Ok, someone mind telling me whats going on? I feel left out of the loop since you guys have been nice enough to post links to the trouble making sites, but I cannot get onto the bloody site to see what you all where talking about

What exactly is being posted? Pictures of what? What are these morons blathering about? And if this is just a problem of a group of users, is there nothing they can do to simply remove this small group and keep them from re-joining by blocking their IP addie's?

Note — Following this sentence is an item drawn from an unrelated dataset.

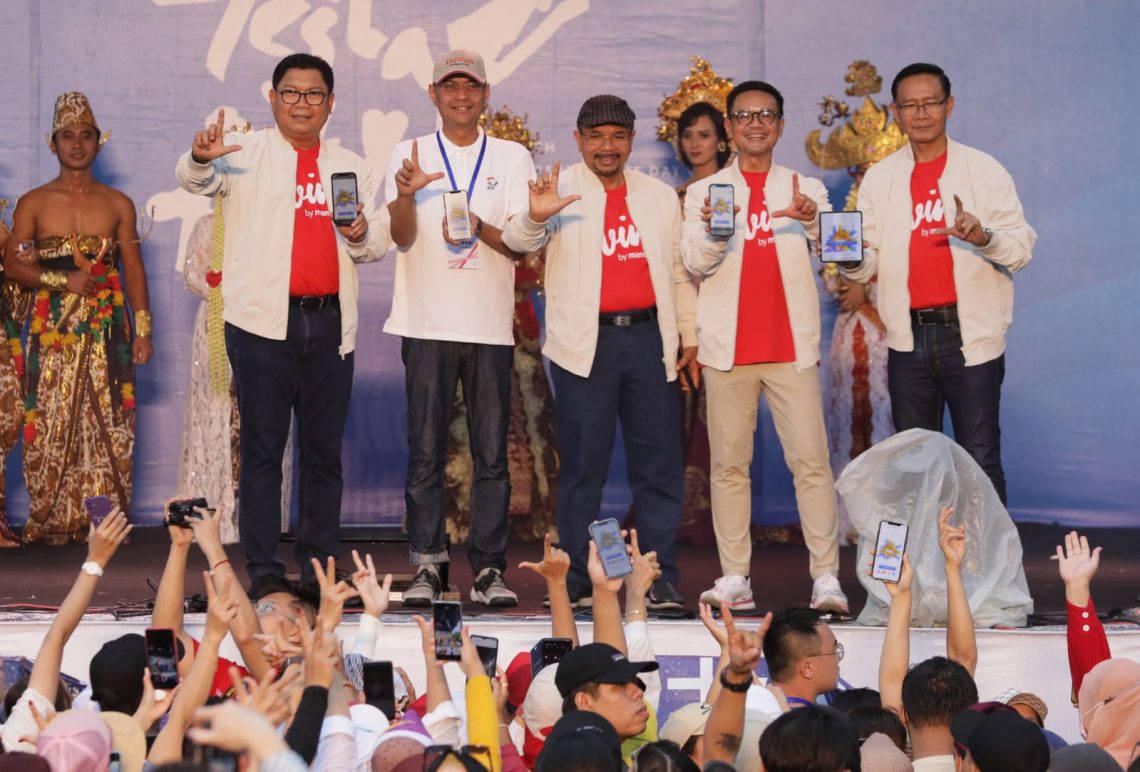 Perbanyak Transaksi di Luar Negeri, Bank Mandiri Kenalkan Fitur Livin’ Around the World di 3 Negara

I hate being left out of the loop, and I hate that I got fecking locked out just as I got back from my college classes. -.-


----------



## iller (Feb 6, 2007)

NvM, issue resolved


----------



## Damaratus (Feb 6, 2007)

Problem has been taken care of, sorry for the interruption in service to those who were affected.


----------



## Mega Wolf (Feb 7, 2007)

Thank god that was over reletively fast.


----------



## iller (Feb 7, 2007)

Durp!  Well that's a relief...   *promptly deletes any complaints*


----------



## Arshes Nei (Feb 7, 2007)

Well you had the DDOS, the bots, now just waiting for the next one. Not that this is unfamiliar with this site.


----------



## Damaratus (Feb 7, 2007)

Arshes Nei said:
			
		

> Well you had the DDOS, the bots, now just waiting for the next one. Not that this is unfamiliar with this site.



Or many other sites out there, Fur Affinity isn't the only site that is the target of attacks of these sorts.  Best you can do is recover as quickly as possible and increase security measures and various administrative options to deal with things even faster the next time or to cut things off before they have a chance to happen.


----------



## Arshes Nei (Feb 7, 2007)

That wasn't meant to be an argument. So restating the obvious wasn't exactly necessary. The reason for the statement is the repetitiveness of the topics *when* FA is down or encountering problems.


----------



## Damaratus (Feb 7, 2007)

Arshes Nei said:
			
		

> That wasn't meant to be an argument. So restating the obvious wasn't exactly necessary. The reason for the statement is the repetitiveness of the topics *when* FA is down or encountering problems.



My mistake then.  Sorry about that.


----------



## AishaDracoGryph (Feb 16, 2007)

Just for the record "botting" means a computor program that automates something. For example. a bot that automatically signs itself up on a forum 200 times with phony names in an attempt to cause system lock ups.

Or a bot that joins a chat room and posts random gibberish and spam.


----------